A former security guard for Taylor Swift took the stand Friday in a Denver federal court.
Greg Dent told jurors that he saw David Mueller, a former radio DJ, grope the pop star in 2013 during a pre-concert meet-and-greet photo session.
Dent said he was several steps away from Swift, and positioned where he could see Mueller reach under her skirt.
“I saw his hand under her skirt … her skirt went up … she jumped,” Dent testified, adding that Swift then moved closer to Mueller’s girlfriend, who was standing on the other side of the singer for the photograph.

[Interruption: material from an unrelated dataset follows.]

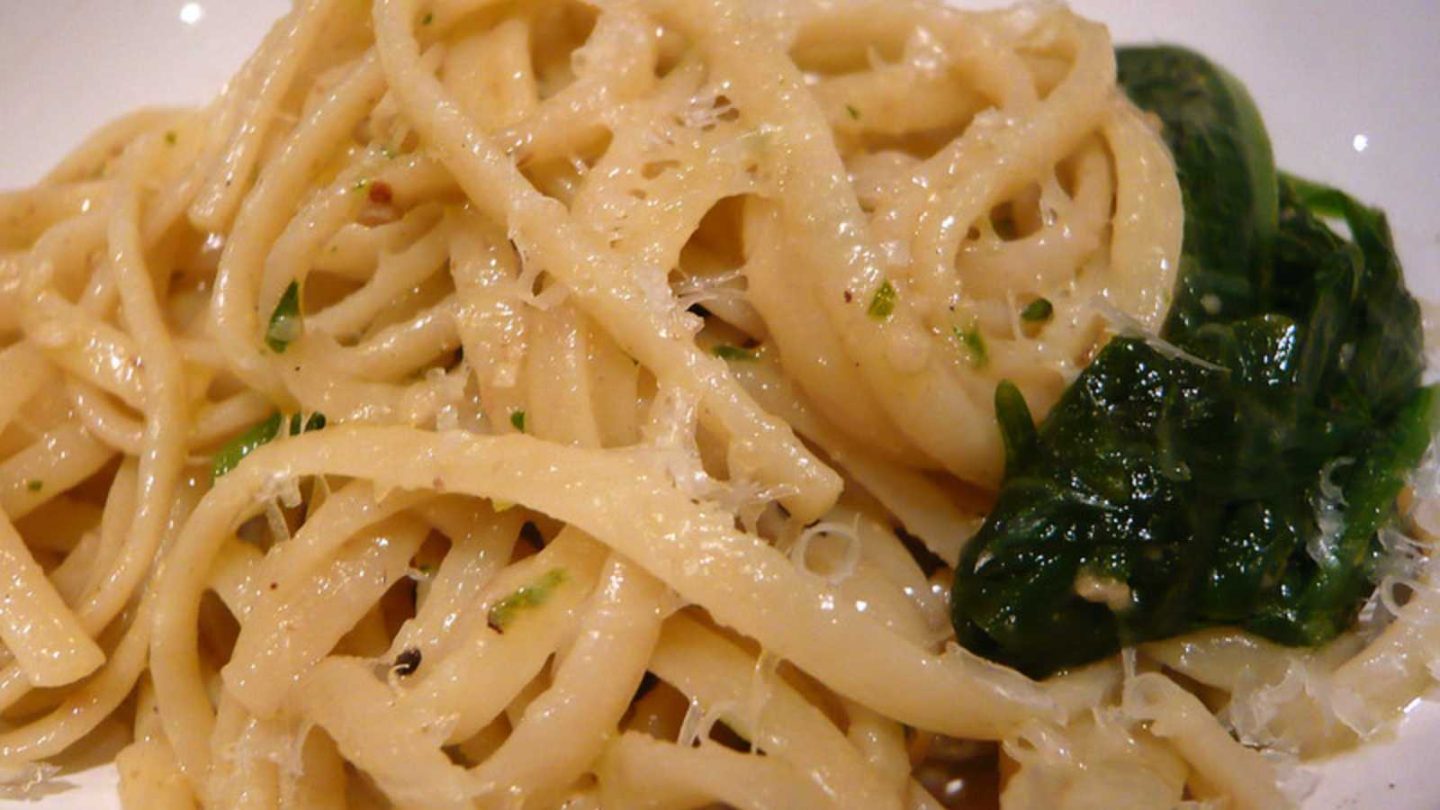 Most Mouthwatering Pasta Dishes You Need to Try Around the World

Swift testified for about an hour on Thursday, and used the word “ass” dozens of times on the witness stand as she told jurors that David Mueller allegedly reached under her skirt during the meet-and-greet.

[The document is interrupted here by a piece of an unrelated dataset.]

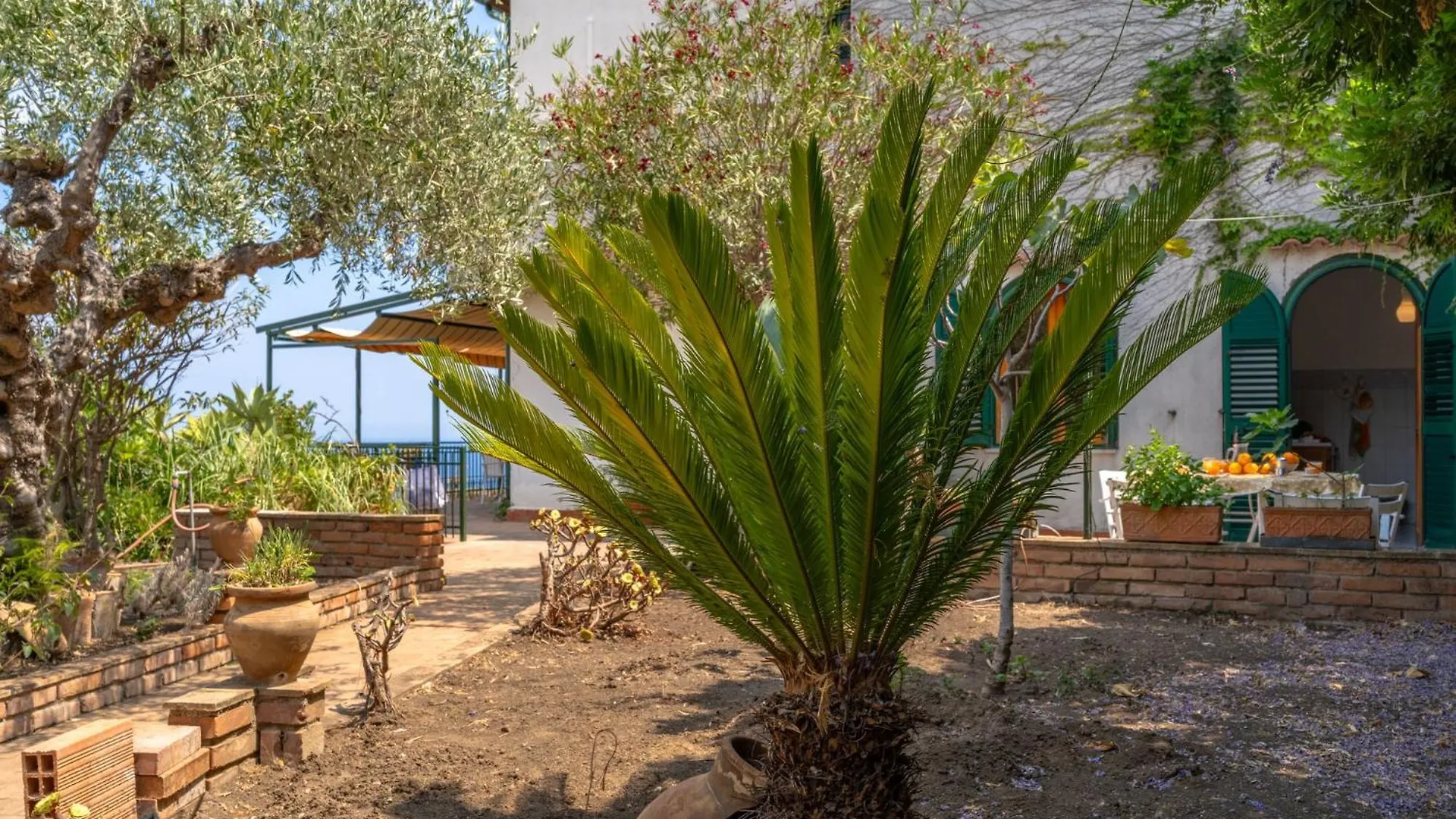 Villa La Casa Di Angelo Taormina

Mueller sued Swift after her team reported the alleged assault to his bosses at a country music station. He’s seeking up to US$3 million, saying the allegation cost him his job and reputation.

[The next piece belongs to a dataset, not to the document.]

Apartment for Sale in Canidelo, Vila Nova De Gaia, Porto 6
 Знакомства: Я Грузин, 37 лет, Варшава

Swift countersued, claiming sexual assault. Mueller testified he did not grope Swift.
— Mike Sington (@MikeSington) August 8, 2017
“I was definitely sure that he had been drinking,” Dent said of Mueller. “I don’t know what level. He wasn’t staggering or falling down.”
But Dent testified Friday he did not take any immediate action because he generally took his cues from Swift, and she gave him none.
Mueller’s attorney, Gabriel McFarland, tried to get Dent to explain why he did not react immediately.
“I didn’t sense danger after he touched her,” he said.
WATCH BELOW: Hundreds of Taylor Swift fans gather outside courthouse as groping case continues
Dent said he was a few steps away from Swift at the photo-op and watched everyone who came in and left.
He said Mueller groped Swift under her skirt a moment before a staff photographer took a photo of Swift, Mueller and Mueller’s then-girlfriend.
He says the photo shows Swift trying to move away from Mueller. Swift testified the photo captured the exact moment she was groped.
Dent testified he only looked for Mueller after a pre-concert photo session was over, and Swift complained she had been groped.
Swift repeatedly gave the account of the incident on the witness stand Thursday in federal court while being questioned in a civil trial over the allegations.
She said she couldn’t have said anything about what happened without others already in the photo area overhearing. She testified that “this was something I did not want known.”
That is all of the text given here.